As part of Dev Preview MaaS Platform includes a basic observability stack that provides insights into system performance, usage patterns, and operational health. The observability stack consists of:

Note

The observability stack will be enhanced in the future.

  • Limitador: Rate limiting service that exposes metrics
  • Prometheus: Metrics collection and storage
  • Grafana: Metrics visualization and dashboards
  • Future: Migration to Perses for enhanced dashboard management

Metrics Collection

Limitador Metrics

Limitador exposes several key metrics that are collected through a ServiceMonitor by Prometheus:

Rate Limiting Metrics

  • limitador_ratelimit_requests_total: Total number of rate limit requests
  • limitador_ratelimit_allowed_total: Number of requests allowed
  • limitador_ratelimit_denied_total: Number of requests denied
  • limitador_ratelimit_errors_total: Number of rate limiting errors

Performance Metrics

  • limitador_ratelimit_duration_seconds: Duration of rate limit checks
  • limitador_ratelimit_active_connections: Number of active connections
  • limitador_ratelimit_cache_hits_total: Cache hit rate
  • limitador_ratelimit_cache_misses_total: Cache miss rate

Tier-Based Metrics

  • limitador_ratelimit_tier_requests_total: Requests per tier
  • limitador_ratelimit_tier_allowed_total: Allowed requests per tier
  • limitador_ratelimit_tier_denied_total: Denied requests per tier

ServiceMonitor Configuration

For automatic discovery of services, use ServiceMonitor resources:

apiVersion: monitoring.coreos.com/v1
kind: ServiceMonitor
metadata:
  name: limitador-monitor
  namespace: monitoring
spec:
  selector:
    matchLabels:
      app: limitador
  endpoints:
  - port: metrics
    interval: 10s
    path: /metrics

High Availability for MaaS Metrics

For production deployments where metric persistence across pod restarts and scaling events is critical, you should configure Limitador to use Redis as a backend storage solution.

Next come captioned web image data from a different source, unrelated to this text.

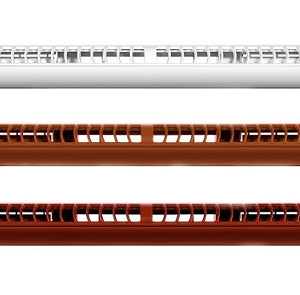 Aldes Mini-EMMAO приточный клапан, коричневый (арт. 11011495)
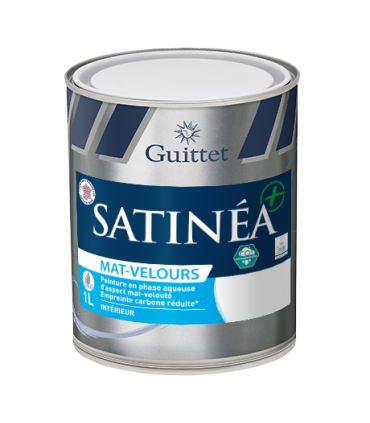 Peintures veloutées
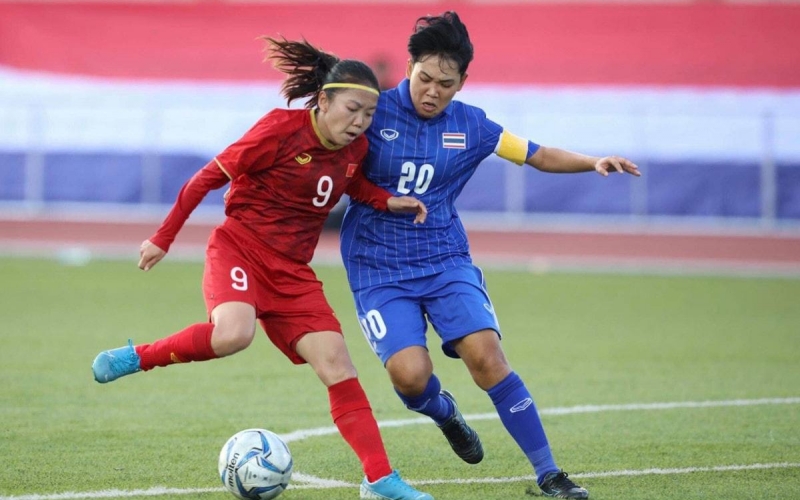 Việt Nam vs Thái Lan: Ngang tài, cân sức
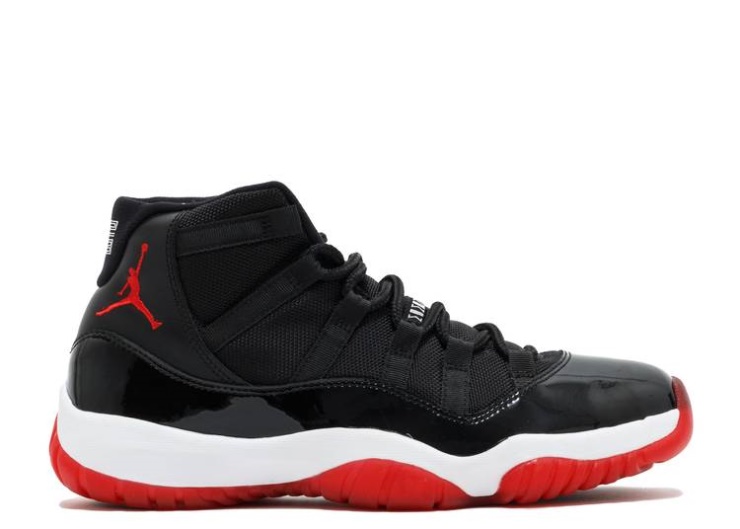 Air Jordan 11 Retro - Bred 2012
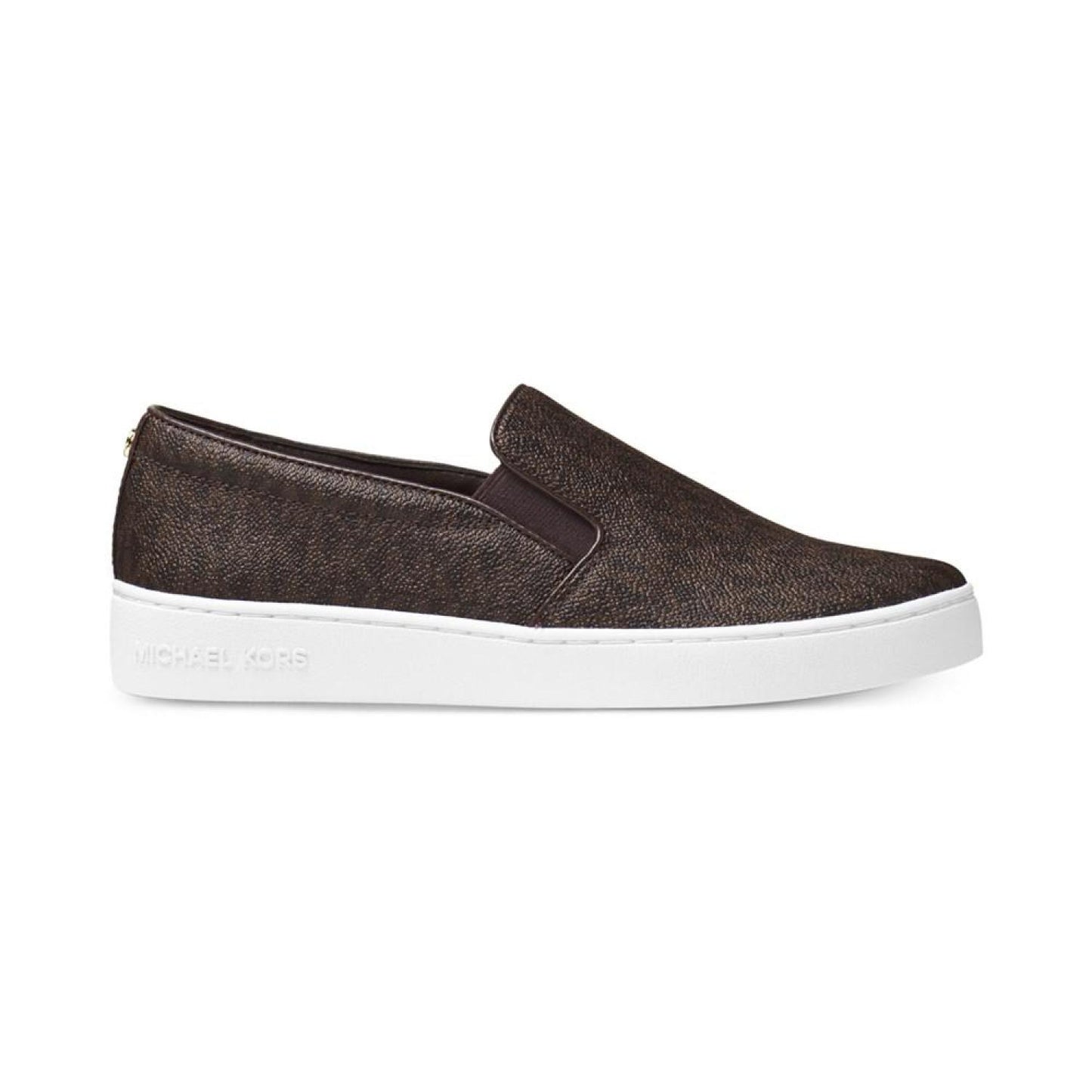 Women's Keaton Slip-On Logo Sneakers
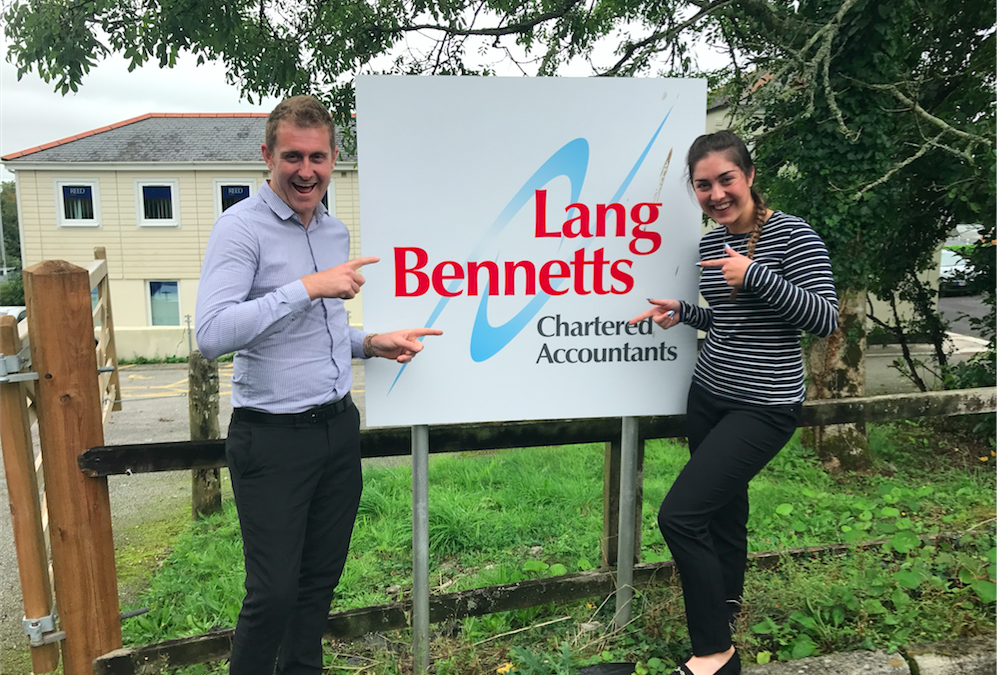 Lang Bennetts take on more apprentices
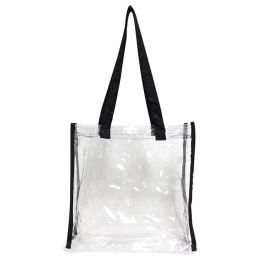 OAD OAD5004 Clear Value Tote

Why High Availability Matters

By default, Limitador stores rate-limiting counters in memory, which means:

  • All hit counts are lost when pods restart
  • Metrics reset when pods are rescheduled or scaled down
  • No persistence across cluster maintenance or updates

Setting Up Persistent Metrics

To enable persistent metric counts, refer to the detailed guide:

Configuring Redis storage for rate limiting

This Red Hat documentation provides:

  • Step-by-step Redis configuration for OpenShift
  • Secret management for Redis credentials
  • Limitador custom resource updates
  • Production-ready setup instructions

For local development and testing, you can also use our Limitador Persistence guide which includes a basic Redis setup script that works with any Kubernetes cluster.

Grafana Dashboards

MaaS Platform Overview Dashboard

We are providing a basic dashboard for the MaaS Platform that can be used to get a quick overview of the system. Its definition can be found and imported from the following link: maas-token-metrics-dashboard.json

See more detailed description of the Grafana Dashboard in its README of the repository.